Friends are crucial to a happy healthy life, whether it's one friend or lots. I really began to understand this when I struggled with infertility. Sometimes, I needed to turn to friends to unload without putting that extra burden on my husband.

But it wasn't just the support those friends offered. It was the way having close friends made me feel like an individual. I wasn't defined by my marriage, by a family I might never have. I was me, an individual with my own individual friends. That gave me comfort.

And yet so many people do define themselves by their marriages. Some people isolate themselves from their friends and don't bother trying to make new friends, deluded and clueless in their sparkly relationships as they slowly lose their individuality.

They become 'one' entity, not two individuals. Some even have joint Facebook accounts and emails. Have they completely lost their individual identity, two people morphed into one?

And then who do they turn to when they need to vent about their relationships? And what happens if they split up? They're suddenly left with no-one. They feel like the person who they ought to be dissolves and it makes it all the more painful.

Of course, there are people who are painfully shy and struggle to make friends, their partners helping them to come out of their shells by introducing them to their friends. Or those who have moved to new towns, new countries. But you must make the effort to at least try to find someone who you can meet for a coffee, have dinner with, share the laughs and the tears with.
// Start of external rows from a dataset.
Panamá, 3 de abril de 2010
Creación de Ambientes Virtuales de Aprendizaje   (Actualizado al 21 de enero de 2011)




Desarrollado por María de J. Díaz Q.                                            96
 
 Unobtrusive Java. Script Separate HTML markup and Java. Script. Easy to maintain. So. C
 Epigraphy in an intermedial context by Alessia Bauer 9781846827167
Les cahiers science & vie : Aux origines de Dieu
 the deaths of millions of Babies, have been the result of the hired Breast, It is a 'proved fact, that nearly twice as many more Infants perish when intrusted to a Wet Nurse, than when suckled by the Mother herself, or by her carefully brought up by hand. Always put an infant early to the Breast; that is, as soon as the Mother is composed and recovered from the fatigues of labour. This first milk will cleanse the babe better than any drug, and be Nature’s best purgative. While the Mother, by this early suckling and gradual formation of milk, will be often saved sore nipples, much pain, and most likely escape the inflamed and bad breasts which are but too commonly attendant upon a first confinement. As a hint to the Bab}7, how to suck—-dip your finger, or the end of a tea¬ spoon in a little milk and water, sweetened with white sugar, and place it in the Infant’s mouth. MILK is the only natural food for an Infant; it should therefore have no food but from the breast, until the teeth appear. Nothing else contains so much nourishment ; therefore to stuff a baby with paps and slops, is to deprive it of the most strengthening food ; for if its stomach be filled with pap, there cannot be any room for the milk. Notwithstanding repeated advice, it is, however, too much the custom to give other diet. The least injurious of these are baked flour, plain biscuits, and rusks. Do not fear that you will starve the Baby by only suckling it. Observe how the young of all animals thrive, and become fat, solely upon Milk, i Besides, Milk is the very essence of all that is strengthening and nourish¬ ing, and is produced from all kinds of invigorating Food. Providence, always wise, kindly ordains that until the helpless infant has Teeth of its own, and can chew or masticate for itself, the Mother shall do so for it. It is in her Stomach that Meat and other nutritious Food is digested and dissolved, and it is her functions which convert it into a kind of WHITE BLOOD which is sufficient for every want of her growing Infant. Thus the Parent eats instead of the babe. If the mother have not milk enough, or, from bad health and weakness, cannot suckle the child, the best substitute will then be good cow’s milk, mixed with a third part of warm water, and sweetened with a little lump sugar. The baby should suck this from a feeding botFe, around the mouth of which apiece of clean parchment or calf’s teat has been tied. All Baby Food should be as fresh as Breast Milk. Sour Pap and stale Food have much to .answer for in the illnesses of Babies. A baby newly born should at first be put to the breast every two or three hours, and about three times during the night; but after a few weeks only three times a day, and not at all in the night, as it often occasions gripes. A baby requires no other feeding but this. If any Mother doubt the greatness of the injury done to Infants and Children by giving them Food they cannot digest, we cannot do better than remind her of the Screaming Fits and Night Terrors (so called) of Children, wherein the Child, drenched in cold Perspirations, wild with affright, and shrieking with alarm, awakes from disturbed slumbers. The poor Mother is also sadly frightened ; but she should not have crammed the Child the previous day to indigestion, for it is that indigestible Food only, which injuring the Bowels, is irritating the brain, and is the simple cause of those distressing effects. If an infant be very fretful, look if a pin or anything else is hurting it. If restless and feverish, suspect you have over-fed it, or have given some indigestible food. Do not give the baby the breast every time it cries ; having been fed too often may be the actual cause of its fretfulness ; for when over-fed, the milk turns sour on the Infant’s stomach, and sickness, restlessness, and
It's not healthy for any relationship to rely on your partner for all this all of the time.

Speaking of time, many people say they don't have the time for friends when they have a family. Rubbish! I'm a mother who works four days a week and writes novels in my spare time and yet I still find time for my friends, even if it's an email during busy weeks.

Some parents say any spare time they have they want to relax. Sure, I sometimes get home from work and think I'd love nothing better than to curl up in my PJs and watch a film with my husband. But when I'm out and laughing with my friends over the crazy yurt holiday we had in Wales once, all the tension from my busy work day / baby nappy explosion / difficult scene in my novel dissipates.

If you're one of those people who spouts off about not needing friends because your partner is your best friend or because you're too busy, widen your horizons. Become an individual. Don't get into that unhealthy trap.